'Pipit' and 'Lemon Beauty'. 'Pipit' has two flowers on one stem.
Spring Bulbs - Pictures and Discussion: Part VII
Very pretty Kylee!
Must be very pretty around your house ~ inside and out. :)
Thanks! I do love walking around outside AND inside. This is just such a wonderful time of year! :-)
Very pretty. Andy, I keep meaning to tell you I love your worm's eye view pics. Those flowers look like they belong on Easter Island. :)
Thanks Moby, They are fun to take.
Something different, ya know?
Andy P
Nice! I especially like the (?)Elegant Lady. What are the blue flowers to the left of the kittie / hand?
What superb pictures!
Kylee, Tulip 'Hermione' is so unusual.
Tam, do you know the Zantedeschia cultivar?
Moby - those are a small clump of the muscari that are all over this property.
Kenton - sorry no. I bought it as "yellow calla lily" at a box store a few years ago.
And you are surely a collector of many beautiful bulbs & have planted them in quite
interesting combinations.
Here's a greenhouse-grown arisaema sikokianum (I started from seed 4yrs ago).
I'm slipping it in since Kenton obviously enjoys arisaema and I'm just so proud of
my baby. :-)
Tam
Tammy, you are the Seed Queen! That arisaema is so awsome! Love the foliage and the flower. Your outdoor display is wonderful! And that frittilaria is such a nice color to.

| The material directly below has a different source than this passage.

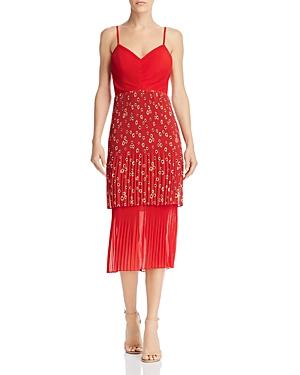 Fame And Partners Tiered Pleated Midi Dress
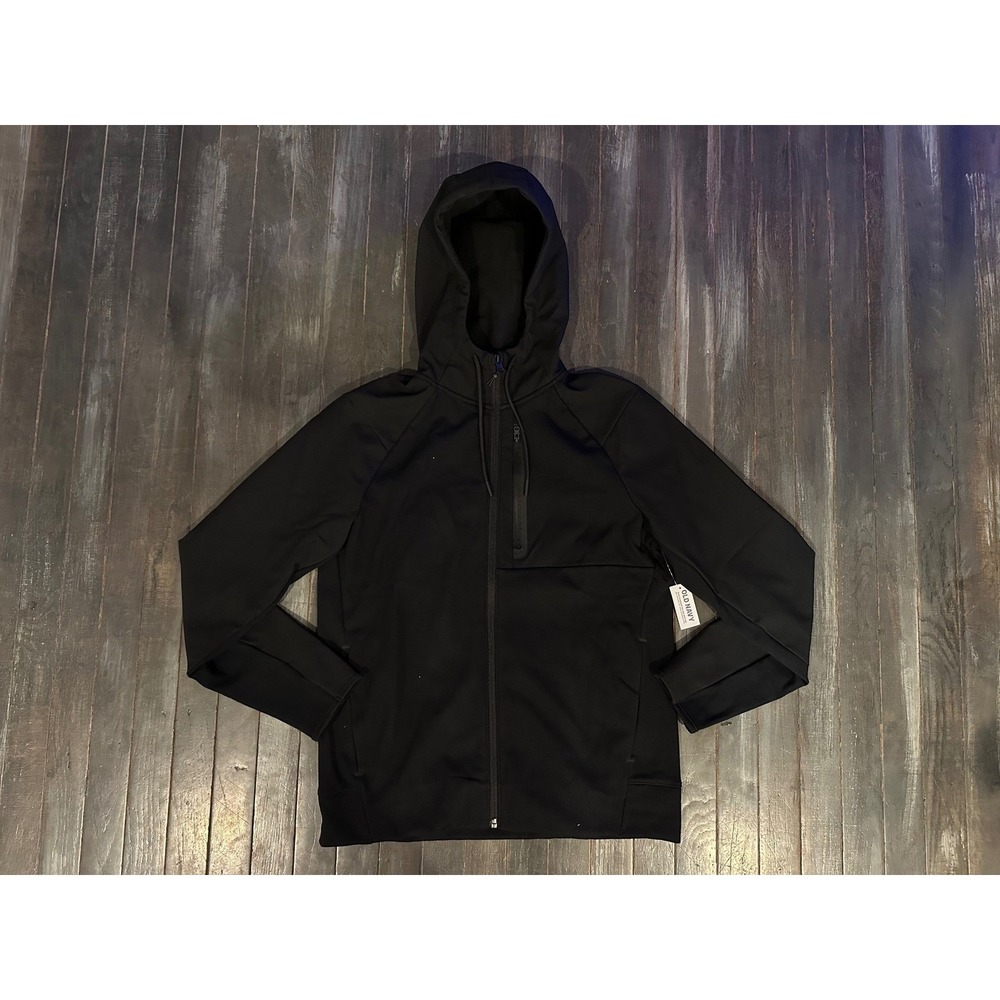 Old Navy Dynamic Fleece Full Zip Hoodie Mens Black Active‎ Jacket New NWT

Kenton, you've tweeked my interest in "black" flowers, and I've been really enjoying Queen of the Night. I've been carrying around a bloom and looking at the color with different things growing in the garden, and am finding so many striking combinations. They look wonderful with maroon leaved Heucheras and anything with gold leaves. I even like the way they echo the black strips in Jack in the pulpit.
Tammy, your Arisaema sikokianum is awesome! No wonder you are proud of it.
Where did you get the seed? Was it difficult to grow? I have been wanting one of these for a long time but don't want to break the bank for it. LOL
Tammy I have also wanted one of the variegated leaf A sikokianum. I too would love to know where you got the seed. 4 years from seed to flower is fantastic! We are all so jealous! I also love the calla, a nice red/orange flush.
*blush* thanks for the compliments!
I got the seed from the NARGS seed exchange. (North American Rock Garden Society). I didn't see
them this year - I was going to grow more since I lost most in a flood of my greenhouse. I'm gonna keep
an eye open for them in future years. I'd have to look up the seed started regime but I don't recall it was
especially difficult. I keep them in a cooler part of the greenhouse (near the evaporative cooler).
Here a picture of the greenhouse after the flood. (Hurricane Ivan of fall 2003.)
Tam
Oh, Tammy, what a heartbreaker that must have been. Somehow I never think of Pennsylvania getting hurricane damage. I don't know why, since it isn't unusual to get flooding here in Ohio due to hurricanes.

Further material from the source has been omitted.